1. Introduction
Among several processes which are applied to increase oil recovery, polymer flooding has been widely implemented as a mobility control technique in tertiary enhanced oil recovery (EOR) [
1]. The most basic method of recovering oil from a reservoir is by pressure depletion [
2]. The pressure difference between the oil reservoir and the surface will lead to production of oil until the reservoir pressure becomes too low for production. Reservoir utilization is poor, typically 95%–80% of the oil remains in the ground, and the energy costs of demobilizing the oil field and remobilizing at a new site is relatively high. The energy recovery is improved by injecting water or gas into the reservoir to maintain pressure.
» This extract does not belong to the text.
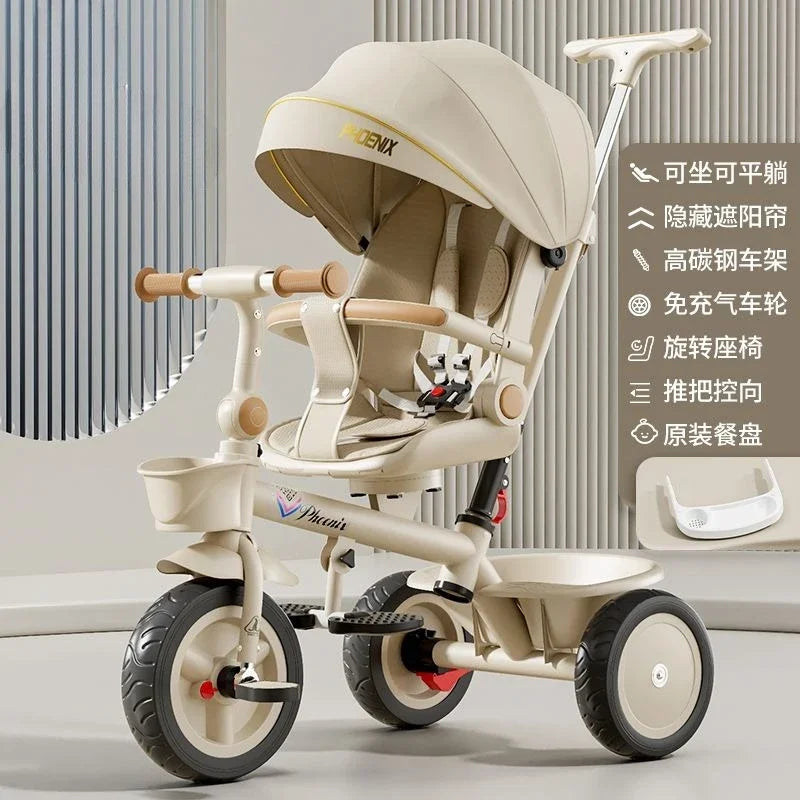 Premium Baby Tricycle (1–6 Years) – Parent Push, Adjustable Seat & Canopy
This reduces the remaining oil to 80%–40%. Still, in most cases, there is more oil left in the reservoir than produced at the end of the economic lifetime of the oil field. So-called tertiary methods are used to reduce the remaining oil down to 60%–30% of the initial volume. This includes injection of fluids or gases not naturally present in the reservoir [
2]. The purpose of polymer flooding is to improve the sweep efficiency compared to waterflooding by the addition of water-soluble polymer to viscosify the injected fluid. The increase in fluid viscosity results in improved macroscopic displacement of oil by reducing the mobility ratio between the water and the oil phase (injected fluid mobility vs. displaced fluid mobility), which reduces frontal instability. It may also increase microscopic displacement since the viscous force which mobilizes trapped oil droplet may overcome the capillary forces preventing the oil droplets from being mobilized [
2,
3]. Commonly, two types of polymers have been utilized in EOR applications: synthetic polymers, primarily partially hydrolyzed polyacrylamide (HPAM), and biopolymers, mainly xanthan. Both polymers are used as viscosifying agents [
4]. Wang, et al. [
5] reported the success of polymer flooding in increasing oil recovery factor of Daqing oil field in China. Among many other successful field polymer flooding projects reported by Standnes and Skjevrak [
6], HPAM is the most commonly used EOR polymer.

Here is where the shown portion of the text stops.